▶ ASSIGNED TASK
The expected response is a copy of every line in the entries below that includes the word "LAND".

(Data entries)
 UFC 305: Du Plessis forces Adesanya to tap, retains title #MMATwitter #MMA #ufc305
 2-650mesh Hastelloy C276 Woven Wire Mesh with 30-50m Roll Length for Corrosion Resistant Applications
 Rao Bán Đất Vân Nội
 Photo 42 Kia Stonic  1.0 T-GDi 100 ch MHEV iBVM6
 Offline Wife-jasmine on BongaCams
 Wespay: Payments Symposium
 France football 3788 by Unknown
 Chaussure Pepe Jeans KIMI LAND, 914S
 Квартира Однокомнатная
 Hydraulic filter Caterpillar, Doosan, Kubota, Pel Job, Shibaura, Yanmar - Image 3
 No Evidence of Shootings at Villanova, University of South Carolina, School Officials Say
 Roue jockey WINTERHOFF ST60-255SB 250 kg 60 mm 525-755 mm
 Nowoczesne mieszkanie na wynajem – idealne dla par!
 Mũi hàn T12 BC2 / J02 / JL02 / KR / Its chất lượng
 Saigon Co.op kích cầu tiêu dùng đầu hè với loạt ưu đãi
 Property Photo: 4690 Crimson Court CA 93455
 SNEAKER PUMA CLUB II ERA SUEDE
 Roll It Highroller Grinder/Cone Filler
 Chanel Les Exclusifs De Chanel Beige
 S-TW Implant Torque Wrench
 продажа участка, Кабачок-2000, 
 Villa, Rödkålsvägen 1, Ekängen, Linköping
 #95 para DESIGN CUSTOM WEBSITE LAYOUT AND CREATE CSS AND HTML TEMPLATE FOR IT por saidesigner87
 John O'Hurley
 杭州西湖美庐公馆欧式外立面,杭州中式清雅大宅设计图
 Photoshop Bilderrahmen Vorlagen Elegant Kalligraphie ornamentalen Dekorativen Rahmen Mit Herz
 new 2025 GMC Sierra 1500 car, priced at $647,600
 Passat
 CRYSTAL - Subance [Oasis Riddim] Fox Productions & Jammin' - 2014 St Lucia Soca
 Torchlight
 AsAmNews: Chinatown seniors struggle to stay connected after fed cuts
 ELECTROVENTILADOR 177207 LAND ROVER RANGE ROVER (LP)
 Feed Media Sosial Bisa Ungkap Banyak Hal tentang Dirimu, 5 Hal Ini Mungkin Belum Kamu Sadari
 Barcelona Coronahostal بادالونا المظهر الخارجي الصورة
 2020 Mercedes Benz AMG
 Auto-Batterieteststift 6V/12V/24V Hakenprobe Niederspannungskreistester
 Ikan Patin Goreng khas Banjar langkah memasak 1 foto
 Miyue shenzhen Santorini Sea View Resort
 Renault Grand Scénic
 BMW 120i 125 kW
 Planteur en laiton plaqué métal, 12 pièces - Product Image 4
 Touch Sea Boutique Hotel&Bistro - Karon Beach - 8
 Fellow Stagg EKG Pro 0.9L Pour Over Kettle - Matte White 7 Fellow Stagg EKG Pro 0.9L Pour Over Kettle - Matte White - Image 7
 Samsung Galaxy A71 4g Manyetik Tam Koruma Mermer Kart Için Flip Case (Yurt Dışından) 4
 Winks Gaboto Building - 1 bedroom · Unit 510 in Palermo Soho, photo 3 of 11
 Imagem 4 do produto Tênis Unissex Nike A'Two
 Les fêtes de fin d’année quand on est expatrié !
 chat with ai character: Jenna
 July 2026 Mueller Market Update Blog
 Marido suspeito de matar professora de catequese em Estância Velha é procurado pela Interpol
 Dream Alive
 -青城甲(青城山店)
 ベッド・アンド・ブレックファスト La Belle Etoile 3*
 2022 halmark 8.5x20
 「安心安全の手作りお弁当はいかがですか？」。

▶ RESULT OF THIS TASK
 Chaussure Pepe Jeans KIMI LAND, 914S
 ELECTROVENTILADOR 177207 LAND ROVER RANGE ROVER (LP)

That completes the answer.